Since the airport didn’t have any Priority Pass partners at the time, my only option was to hang out in the airport and wait. Luckily I’d paid for the flights with my Chase Sapphire Reserve® (Review) card, which comes with trip delay reimbursement.
So, instead of trying to save money by subsisting on Cheez-Its and nut mixes from Hudson News, my partner and I had a nice meal at the Wolfgang Puck restaurant knowing Chase would cover the cost.
While many travel rewards cards come with some form of travel insurance, the type and level of coverage varies greatly. If you’ve been wondering: “Does my credit card give me travel insurance?” — then keep reading.
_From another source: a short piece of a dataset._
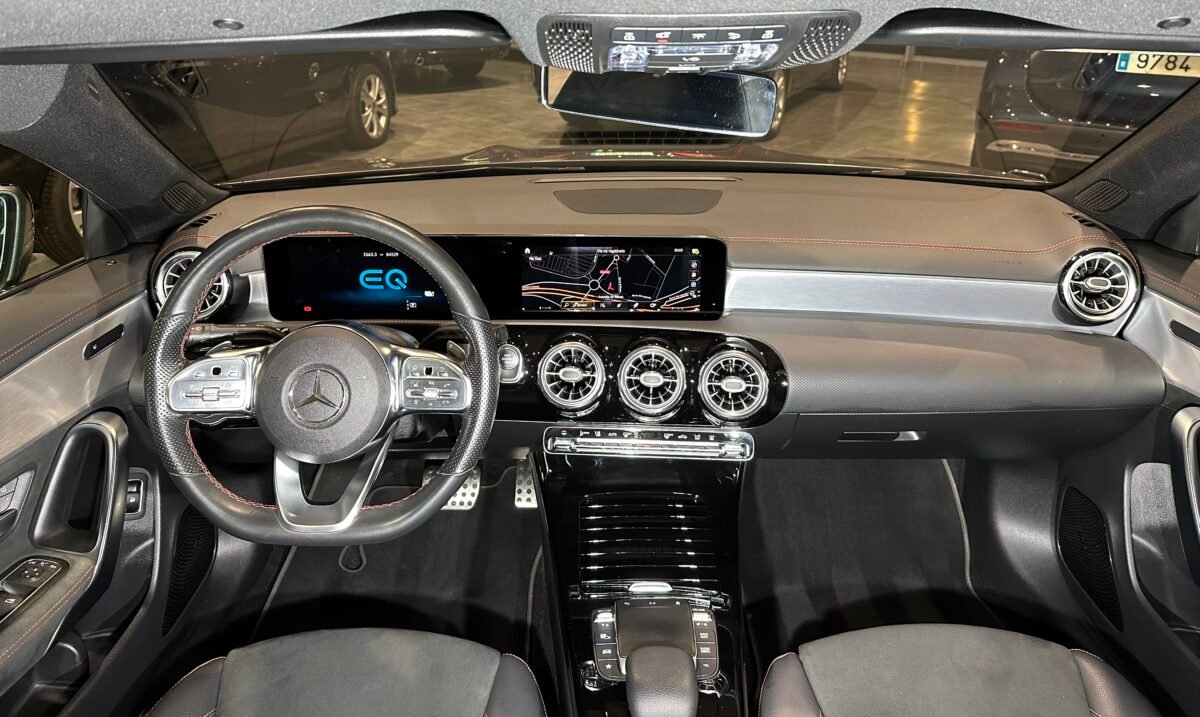 MERCEDES-BENZ CLA 250E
We’ll reveal everything you need to know about credit card travel insurance, plus your three best options for staying covered.
Wondering if you can cancel your travel plans due to COVID-19? See what Amex, Chase, Citi, and others told Business Insider about their travel insurance policies.
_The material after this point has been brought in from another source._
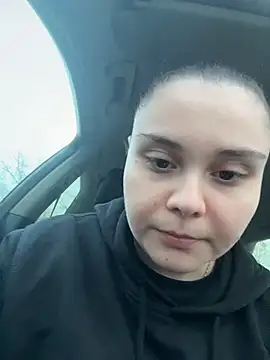 Snapshot of FemmeAffair chatting on 02-18-26, 04:36 FemmeAffair online show from 02-18-26, 04:36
What Is Credit Card Travel Insurance?
Travel insurance is an umbrella term for several different types of coverage. Whereas some cards offer across-the-board protections, others only cover a limited set of scenarios.
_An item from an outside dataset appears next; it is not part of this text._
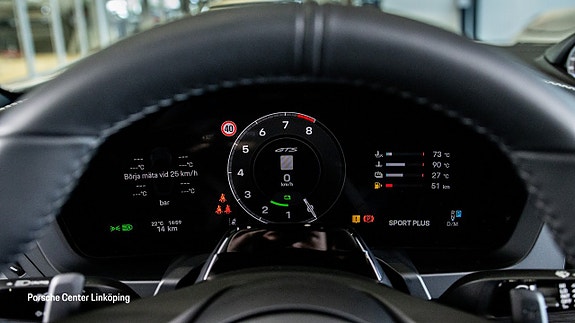 Porsche 911 Carrera GTS 13 of 25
Here are the different types of credit card travel insurance coverage you might encounter:
- Trip delay: This is what I used on that ill-fated day in GSP. It covers food, transportation, and toiletries when your trip is delayed by several hours (usually at least six or eight).
- Trip cancellation or interruption: Trip cancellation insurance covers the cost of canceling travel arrangements before you leave; trip interruption insurance covers it if you need to come home during your travels. It usually reimburses non-refundable travel expenses like airfare, hotels, and activities, in case of illness, injury, severe weather, or natural disaster, and sometimes jury duty or terrorism. Pre-existing conditions are normally excluded.
- Baggage delay or loss: Travel long enough, and the airline will inevitably lose your bags. This pays out a certain amount each day your bags are lost — to cover clothing and toiletries — plus a lump sum if your lost luggage is never recovered. You must usually make a claim with the airline before the card issuer will step in.
- Emergency medical and dental: If you break a leg or catch a fever while you’re abroad, this will cover your expenses. Since this coverage is secondary, you’ll need to file a claim with your regular health insurance first.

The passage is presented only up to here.